Increase of self-employment
It is to be noted that the latest annual PLFS for the period of July-June 2019-20 shows an increased, higher share of self-employed in the market. This is indicative of the fact that in pursuit of employment, self-employment has substituted market governmental jobs. According to the data total self-employment stood at 53.5 percent in the month of July 2020. This was significantly up from 52.1 percent in the same period recorded last year.
But self-employment is not as lucrative as it might sound. This is due to the fact that under the self-employed category, the data has witnessed a huge increase of “unpaid family workers”. It is to be noted that unpaid family workers, working in family enterprises without any payment is the poorest quality of employment there is. According to the survey, it has been found that the rise in this category is significantly and emphatically up from 13.3 percent in the financial year 2018-19 to a whopping 15.9 percent for the financial year 2019-20.
It is to be noted that this disproportionate impact of shifting in employment culture is also clearly evident in the CMIE data. The CMIE data, quite detestably shows that salaried jobs stood at 76.5 million for the month of July 2021. It is to be noted that the salaried class had contracted by 3.2 million compared to the data for the month of June.
Thus, perhaps, it is no news that manufacturing activity, which contributes the highest to GDP, is still not at the pre-Covid levels. Additionally, it is to be noted here that in addition to the aforementioned sectors like construction and contact intensive sector, small and medium enterprises too in the economy has contracted at an unprecedented level.
As aforementioned, what is being witnessed is that the employment is effectively shifting from relatively higher pay for quality work to a much cheaper low pay subsistence work for low-grade jobs that are labor-intensive.
This is indicative of the fact that although unemployment is still at very high levels the employment in the economy is of a disguised nature. This effectively means that people who are employed in the economy are working as people don’t have any particular choice. This also effectively means that people have ascended downwards on the income ladder. Sadly, this means that the detestable aspect of the process has unraveled economic gains that were, made in the last 20 years. According to the reports, the middle class, quite detestably, shrunk.
On the other hand, it is to be noted that the slow pace of vaccination is leading to plummeting confidence in the economy. Additionally, predictions of a frightful third wave and a longer interval between doses have delayed the recuperating process.
According to reports, highly lower-end jobs have been less impacted. A small 3.2 percent loss has been witnessed in the employment of small traders and daily wage laborers. This is due to the fact that such workers were usually migrant workers, who traveled back to the rural area and became farmers. Thus, it is worthy of mentioning here that the count of farmers for the financial year 2020-21 grew by 9.6 percent.

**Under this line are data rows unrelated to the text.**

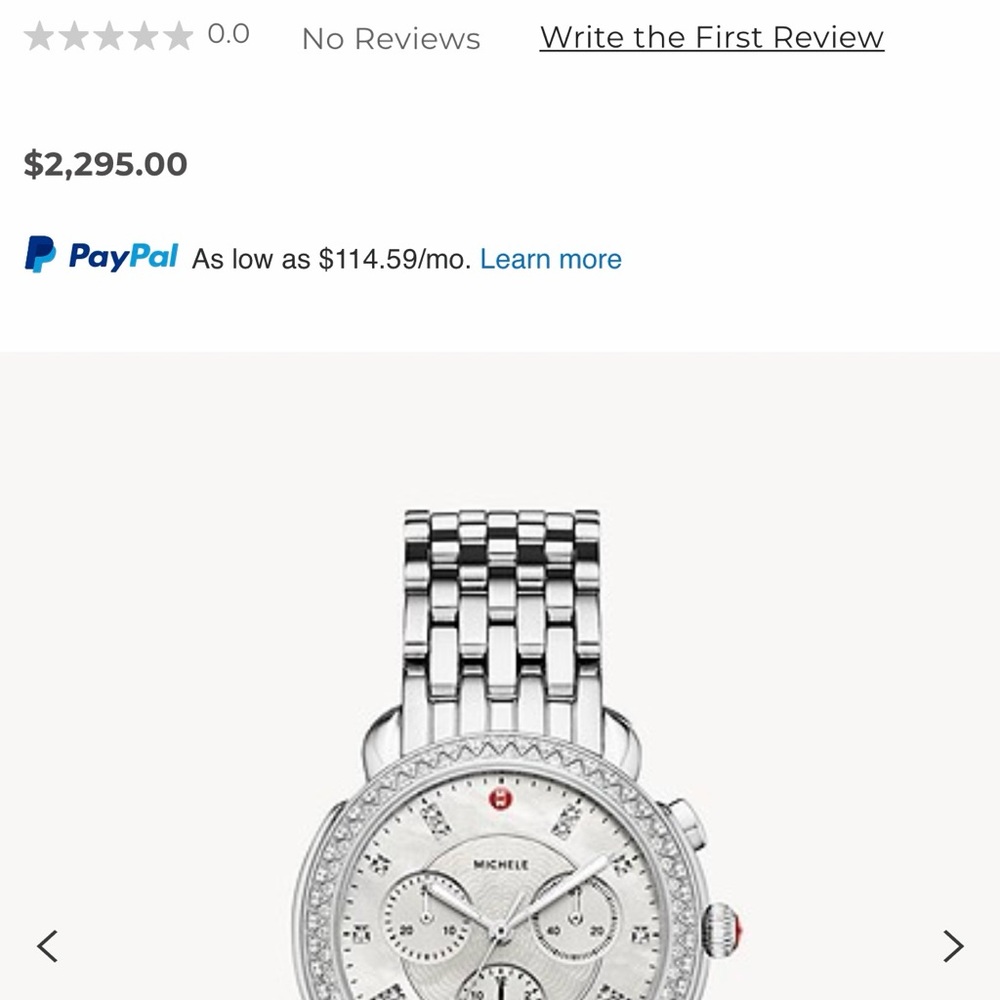 Michele Jetway Diamond Stainless Watch with Black Crocodile Strap - Picture 3 of 9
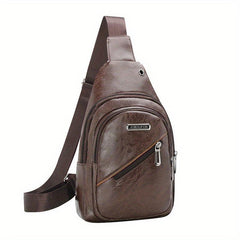 Men's Leather Crossbody Bag Casual Chest Bag Large Capacity Satchel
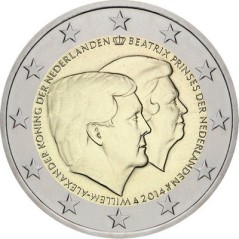 2 Euros Pays-Bas 2014, UNC, Accession au trône du Roi Willem-Alexander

Thus, farm jobs and the construction sector are what is driving the economy. But it is to be noted that it less lucrative and substance jobs. On the other hand, it is to be noted that the constrained non-farm jobs in the rural areas are effectively bad news. This is due to the fact that it robs the market to effectively squeeze out quality job options for workers. Thus, will this trend of low wages and low-quality jobs end anytime soon? We still have to wait and watch.